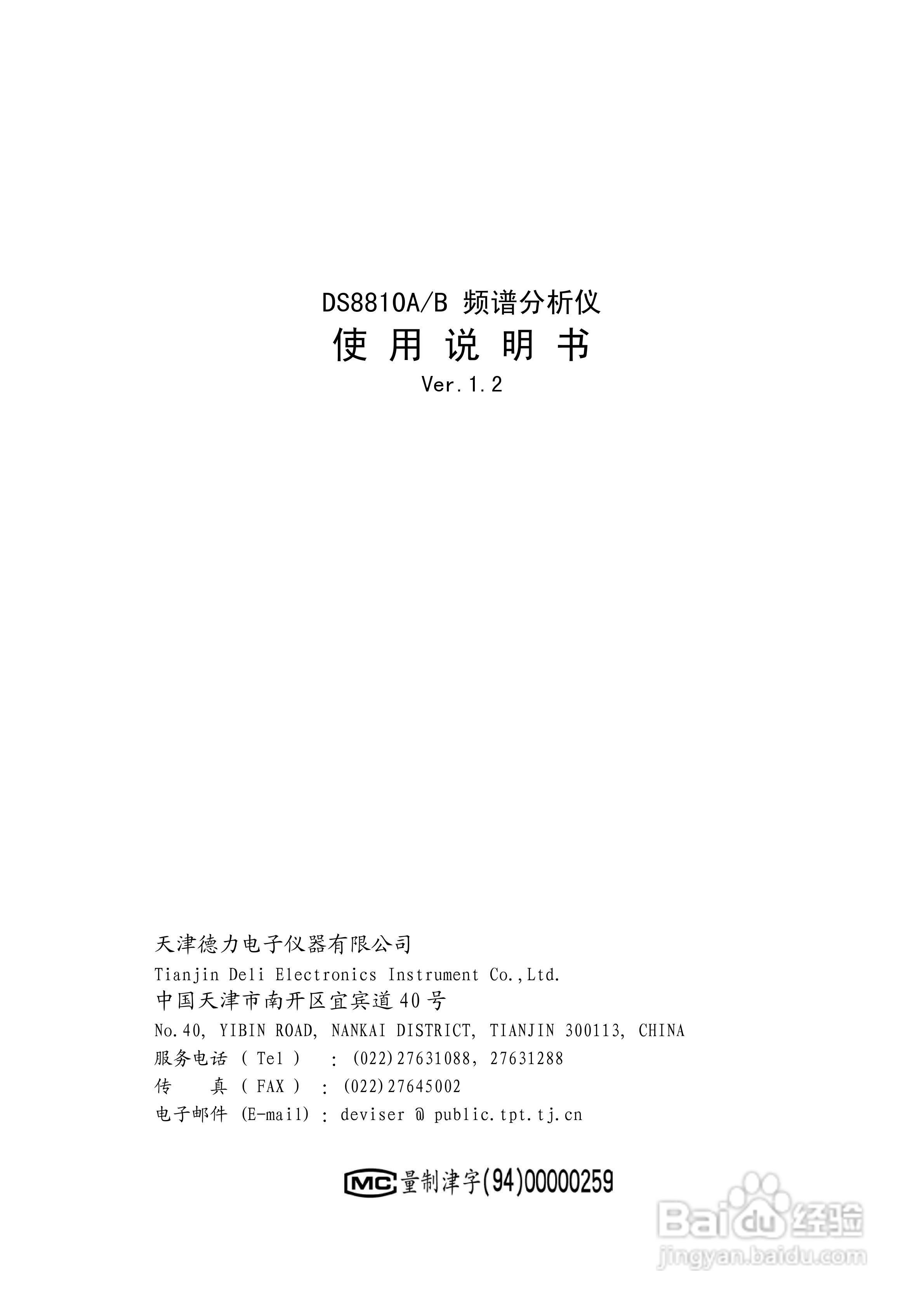 DS8810A/B 频谱分析仪使用说明书Ver.1.2:[1]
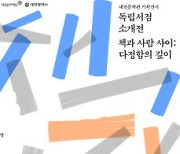 대전문학관, 기획전시 ‘독립서점소개전’ 연계 프로그램 진행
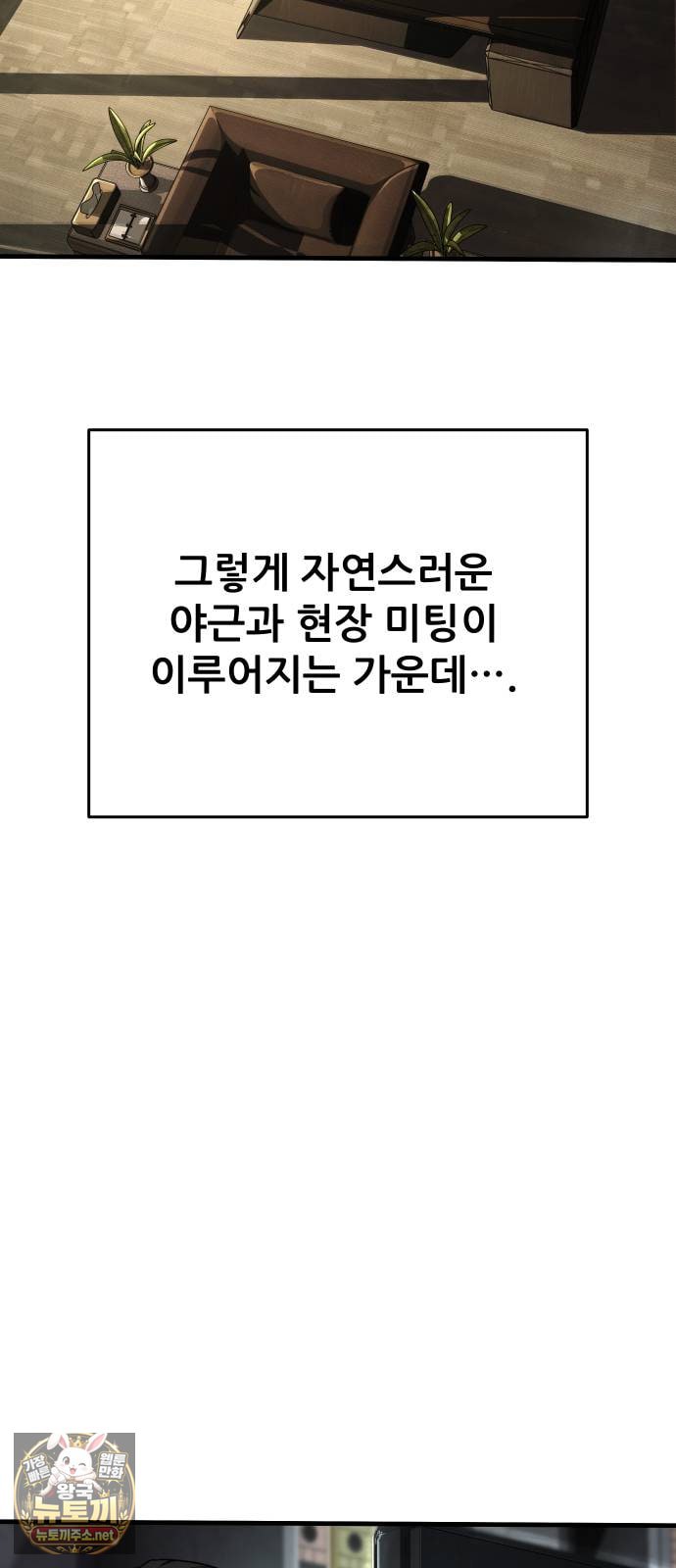 108.jpg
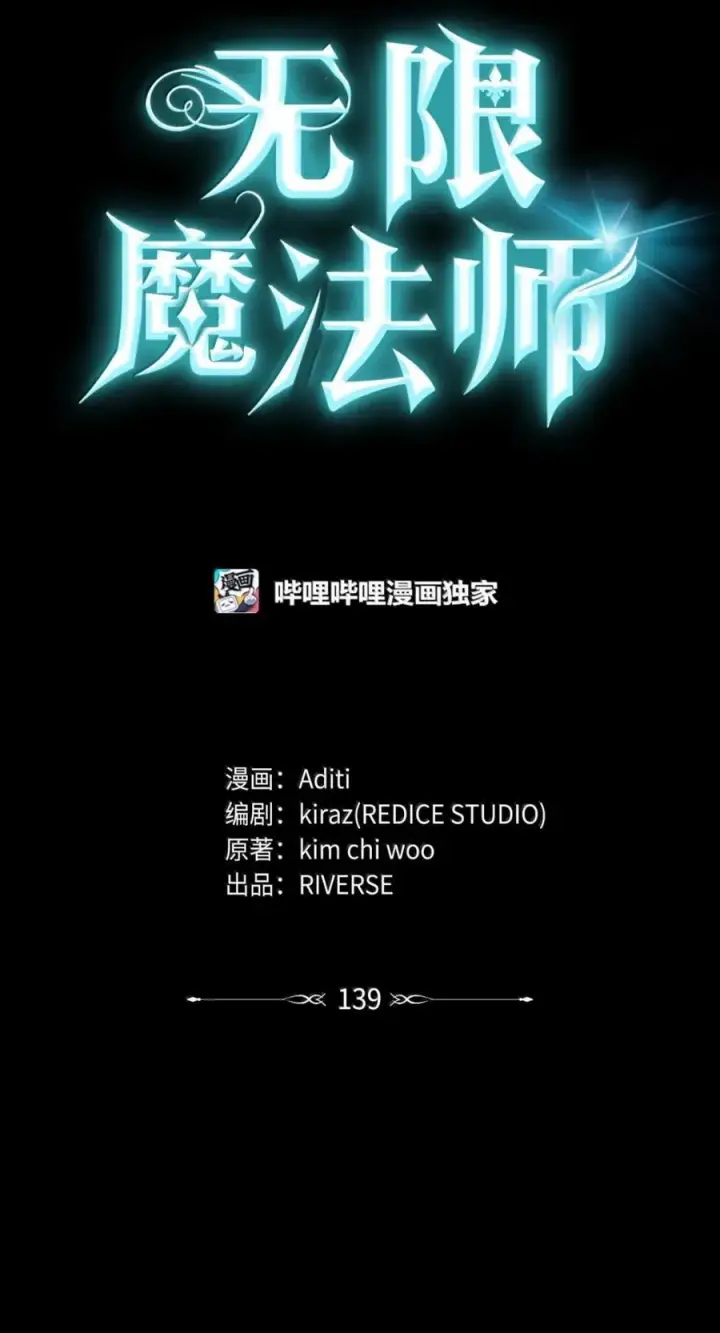 《无限魔法师》139 境界图54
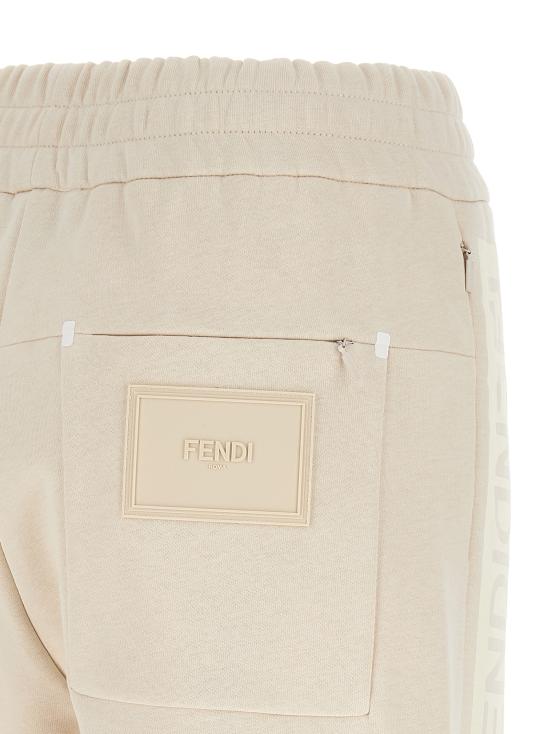 24FW 펜디 트레이닝/조거 팬츠 FAB345AK9SF1M2A White - FENDI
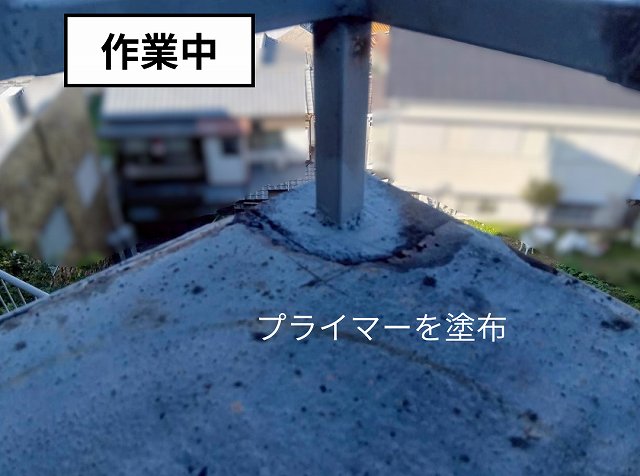 鉄部塗装　プライマー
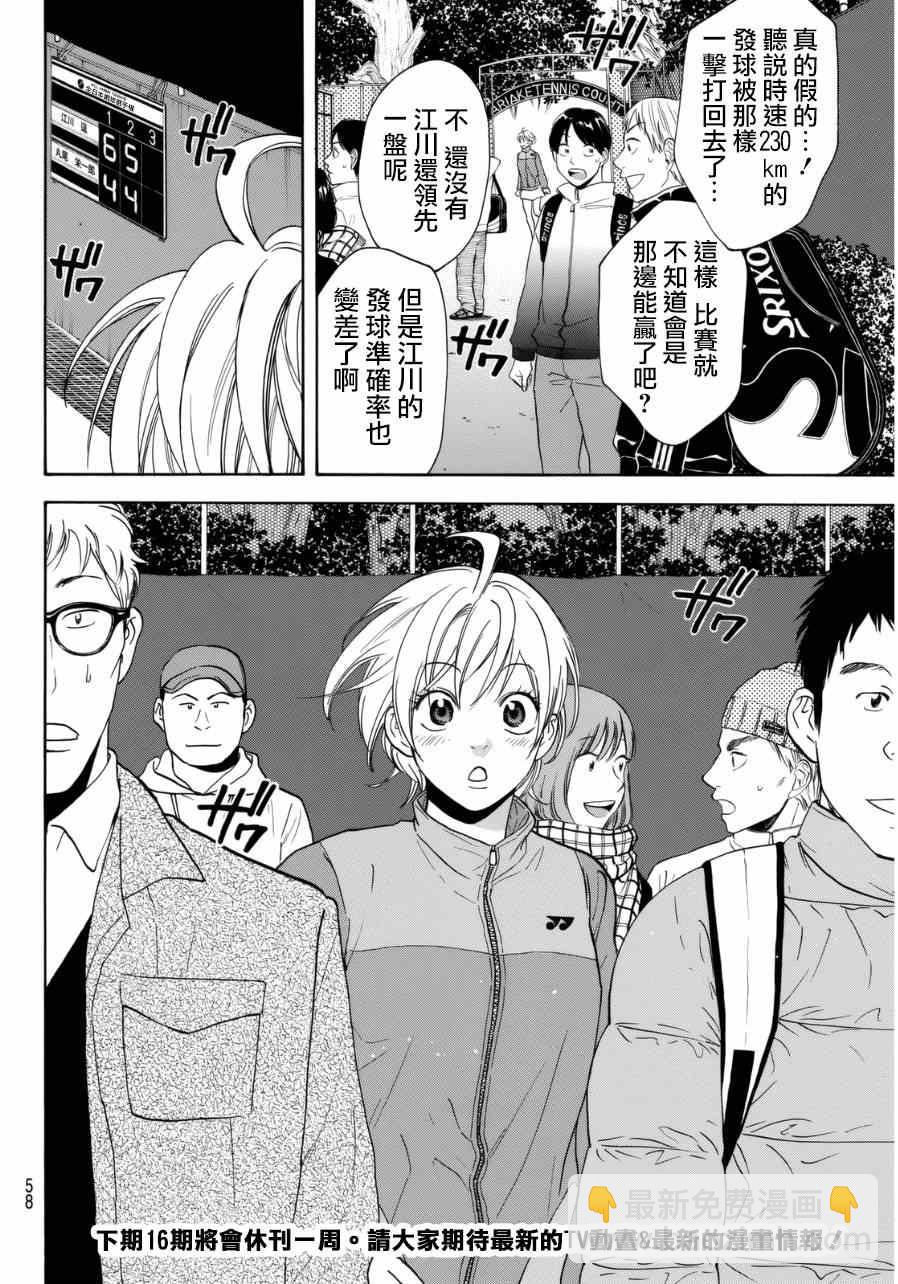 網球優等生 - 第336話 - 2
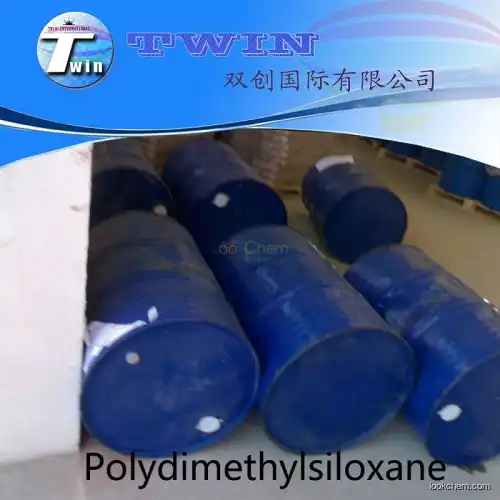 cosmetic grade Polydimethylsiloxane 200cst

※

■ **Required work**:
Could you write the entries out again exactly, without their pictures?

■ **Answer to this problem**:
 DS8810A/B 频谱分析仪使用说明书Ver.1.2:[1]
 대전문학관, 기획전시 ‘독립서점소개전’ 연계 프로그램 진행
 108.jpg
 《无限魔法师》139 境界图54
 24FW 펜디 트레이닝/조거 팬츠 FAB345AK9SF1M2A White - FENDI
 鉄部塗装　プライマー
 網球優等生 - 第336話 - 2
 cosmetic grade Polydimethylsiloxane 200cst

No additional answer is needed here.